Pasal 24 itu tentang persyaratan bakal calon gubernur/wakil gubernur, bupati/wakil bupati, dan wali kota/wakil wali kota yang naik melalui jalur independen. Isinya antara lain, dukungan sekurang-kurangnya 3 persen dari jumlah penduduk yang tersebar di sekurang-kurangnya 50 persen dari jumlah kabupaten/kota untuk pemilihan gubernur/wakil gubernur.
Sedangkan untuk pemilihan bupati/wakil bupati dan wali kota/wakil wali kota, dukungan 3 persen itu harus berasal 50 persen jumlah kecamatan.
Dukungan itu antara lain harus dibuktikan dengan salinan/fotokopi salah satu identitas diri seperti KTP, paspor RI, SIM, atau identitas lainnya yang masih berlaku. Setiap pemilih hanya boleh memberi dukungan kepada sepasang calon. Lebih dari itu tidak sah.
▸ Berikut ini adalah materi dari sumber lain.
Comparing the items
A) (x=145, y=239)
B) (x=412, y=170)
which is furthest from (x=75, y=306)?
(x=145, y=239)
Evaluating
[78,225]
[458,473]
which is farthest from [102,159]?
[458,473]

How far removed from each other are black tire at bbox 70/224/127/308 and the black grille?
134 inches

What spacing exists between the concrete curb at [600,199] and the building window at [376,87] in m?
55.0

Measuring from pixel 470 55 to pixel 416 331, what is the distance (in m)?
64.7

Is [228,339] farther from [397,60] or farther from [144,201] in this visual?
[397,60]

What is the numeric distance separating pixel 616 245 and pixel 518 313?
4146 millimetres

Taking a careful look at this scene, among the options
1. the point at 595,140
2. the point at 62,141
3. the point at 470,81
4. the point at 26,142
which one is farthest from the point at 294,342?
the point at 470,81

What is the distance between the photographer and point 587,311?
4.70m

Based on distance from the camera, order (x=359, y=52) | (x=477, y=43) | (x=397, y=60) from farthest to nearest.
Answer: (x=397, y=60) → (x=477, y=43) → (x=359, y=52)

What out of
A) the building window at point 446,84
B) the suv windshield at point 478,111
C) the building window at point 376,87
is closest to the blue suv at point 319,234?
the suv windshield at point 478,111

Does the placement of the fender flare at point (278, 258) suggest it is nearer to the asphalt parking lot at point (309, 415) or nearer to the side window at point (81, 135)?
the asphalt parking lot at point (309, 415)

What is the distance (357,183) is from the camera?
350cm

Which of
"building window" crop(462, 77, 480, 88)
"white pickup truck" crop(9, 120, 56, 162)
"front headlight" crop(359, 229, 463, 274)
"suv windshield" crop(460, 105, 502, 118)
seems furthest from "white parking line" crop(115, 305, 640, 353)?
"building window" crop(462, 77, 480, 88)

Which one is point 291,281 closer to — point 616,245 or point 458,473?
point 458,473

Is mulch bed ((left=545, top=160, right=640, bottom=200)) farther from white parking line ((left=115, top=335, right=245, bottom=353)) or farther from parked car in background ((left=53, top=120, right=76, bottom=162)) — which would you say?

Isi pasal 24 itu sudah disepakati kedua belah pihak. Selanjutnya Banleg DPRA dan Tim Pemerintah Aceh sedang membahas pasal-pasal lainnya dari draf perubahan Qanun Pilkada Aceh.
Sebelumnya, pasal 24 itu sempat diubah oleh Banleg DPRA sehingga mengundang protes karena dianggap sangat memberatkan calon yang maju dari jalur perseorangan. Perubahan itu juga dinilai karena DPRA memang memiliki agenda terselubung di baliknya, yakni memuluskan calon dari jalur parpol.
Dalam "dakwa-dakwi" yang berkembang secara terbuka --termasuk polemik di media massa-- selama berbulan-bulan, kecenderungannya memang lebih mendukung isi pasal 24 versi Pemerintah Aceh atau sebagaimana yang sudah disepakati.
Isi pasal 24 yang sudah disepakati sama dengan yang berlaku secara nasional. Bahkan, beberapa waktu lalu pihak KIP sudah mengumumkannya ke publik. Dan, calon independen beserta pendukungnya menyambut lega pemberlakuan isi pasal 24 yang tidak terlalu memberatkan itu.
Terkait tentang kekhususan Aceh dalam melaksanakan Pilkada tentu tak harus dipaksakan dengan syarat yang berat-berat dan aneh-aneh. Cukup disesuaikan saja dengan kultur masyarakat, situasi, dan kebutuhan. Misalnya, bakal calon wajib mengikuti tes baca Alquran. Itu sudah cukup memncerminkan kekhususan daerah ini.